“Game of Thrones” star Joseph Gatt filed a federal lawsuit against Los Angeles District Attorney George Gascón, along with LA City and County, for $40 Million.
The The 52-year-old actor claims that he was “publicly branded as a serial pedophile,” which ruined his life and career, when he was arrested in April 2022 and charged with having “online sexually explicit communication with a minor across state lines.”
Despite Gatt’s denial at the time, the lawsuit states that Gascon, and co-defendants L.A. County Deputy District Attorney Angela Brunson, LAPD Detective Denos Amarantos, along with the City and County of Los Angeles, caused the “intentional destruction” of his once thriving career based off of “the uncorroborated word of a then-16-year-old, admittedly obsessed fan.”
According to the filing, Gatt “did not know and has never actually met,” the minor only identified as Jane Doe.
Game of Thrones star Joseph Gatt sued elected LA County DA George Gascon & former Deputy DA Angela Brunson for $40M in federal court over false pedophilia charges involving online sex talk with an obsessed underage fan. Charges were dismissed.
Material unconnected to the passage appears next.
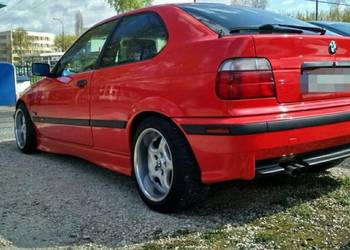 Dyfuzor bmw e36 compacta m pakiet nowy na sprzedaż  Dębe Wielkie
Gatt wants his name back & money. pic.twitter.com/5qPjzEmpMB
— Philip Dubé (@PhilipCDube) April 6, 2024
Gatt’s troubles began when he was hired on Cameo, a platform that allows fans to purchase personalized messages from celebrities, by the girl’s friend to wish Jane Doe a happy 16th birthday in 2020.
Afterwards, the teen messaged him regularly on Instagram, and he only responded in “a manner that was wholly appropriate and consistent with typical celebrity-fan exchanges.”
Unfortunately, Gatt didn’t know that the teenager was “admittedly obsessed” with him, which she demonstrated by using software to generate fake social media conversations between them that were “sexual in nature and pure fantasy.”
When Jane Doe’s older sister discovered the messages, she sent them to a police department in Washington, who forwarded the case to Los Angeles, where Gatt resides.
Gatt was arrested in April 2022 and released the same day on $5,000 bond, but he was “immediately cancelled and what had previously been a burgeoning acting career was destroyed.”
He was fired from two movies, recast as the lead in a third film, and was cut out of scenes in two other films that had already been shot. Gatt was also dropped by his agent and PR representatives right away.
“Gatt was arrested and prosecuted based solely on unauthenticated pictures of social media conversations displayed on an unidentified phone screen that, on their face, were highly suspicious and facially untrustworthy,” the court documents state.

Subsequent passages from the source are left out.